22 de enero de 2017

Patán y populista

Debía de tener yo doce años, o quizá trece, cuando me anude por primera vez una corbata. Fue mi padre quien me enseñó cómo se hacía el nudo -todavía recuerdo su lección sobre el origen del nombre del denominado Windsor-, quien me explicó la forma de centrarlo con respecto a las solapas del cuello de la camisa y quien me advirtió de que el pico pequeño nunca debía de sobresalir del grande. Pero sobre todo me insistió en que éste en ningún caso debía llegar más abajo de la cintura. El cinturón del pantalón, recuerdo que repitió varias veces, marca la frontera entre la elegancia y la ordinariez. Sólo los payasos de circo, para hacer reír, y los patanes la llevan por debajo de ese límite.

Como este tipo de enseñanzas paternas no suelen olvidarse con facilidad –al menos a mí no se me olvidan-, desde entonces suelo fijarme en cómo la gente anuda sus corbatas. Es algo así como si mediante esta observación efectuara un primer reconocimiento de la personalidad de quien acabo de conocer, sin perjuicio de que después profundice en otros criterios más determinantes y menos frívolos. Qué le vamos a hacer: uno tiene sus métodos de evaluación.

Por eso, el otro día, cuando vi la imagen de un Trump en su toma de posesión, a quien la corbata le llegaba mucho más abajo de lo que mi padre hubiera considerado prudente, me costó mucho desviar la mirada de su atuendo y atender a otros aspectos más indicativos de su talante. Lo logré, no sin gran esfuerzo por mi parte, pero me quedé con la idea de que el nuevo presidente de los Estados Unidos es un auténtico patán. Después oí el discurso de toma de posesión y saqué, además, algunas otras conclusiones.

Si a alguien todavía le quedan dudas sobre en qué consiste ser populista, que analice con atención las palabras de Donald Trump tras el juramento. No hay un solo mensaje en su discurso que no deba figurar con derecho propio en la antología del populismo. Empezó diciendo que había llegado a la Casa Blanca para quitar el poder a los de siempre y devolvérselo al pueblo (me suena mucho haber oído algo parecido muy cerca), continuó con una declaración de principios nacionalista -¡America primero, América primero!-, para terminar asegurando que Dios, nada más y nada menos, estaba de su parte. Así cualquiera, como decía aquel.

Le oí decir a uno de esos periodistas a quienes gusta manejar comparaciones de todo tipo, que el nuevo presidente había usado una sintaxis propia de estudiantes de cuarto de primaria y un vocabulario menos extenso que el que utilizaría un alumno de segundo de ESO. Creo que con esta comparación le hacía un gran favor, porque en realidad su lenguaje fue bastante más primitivo. Ni utilizó conceptos políticos ni referencias intelectuales ni cifras económicas, sólo lugares comunes y expresiones huecas. Fue tan zafio que se limitó a dar una visión apocalíptica de la situación de su país, a resucitar aquel viejo concepto del eje del mal que puso de moda George Bush y a amenazar con poner a los demás países patas arriba.

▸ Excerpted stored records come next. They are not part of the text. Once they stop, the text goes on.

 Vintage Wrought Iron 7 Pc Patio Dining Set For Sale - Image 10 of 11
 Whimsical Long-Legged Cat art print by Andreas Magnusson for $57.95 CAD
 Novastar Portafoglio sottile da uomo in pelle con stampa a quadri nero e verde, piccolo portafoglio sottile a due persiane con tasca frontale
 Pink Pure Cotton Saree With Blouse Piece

Si no fuera porque en esto de la política internacional yo soy un tanto fatalista, puesto que considero que el mundo rueda sobre unos raíles casi inamovibles, pensaría que la situación está para echarse a temblar.  Confío –ya lo confesé en este blog hace unos meses- en que el equilibrio de poderes que defiende la constitución de los Estados Unidos evite el descarrilamiento al que el señor Trump parece que quiere conducirnos. Pero ya no estoy tan seguro como lo estaba entonces, porque de un ignorante se puede esperar lo peor.

Sobre todo de un ignorante patán y populista.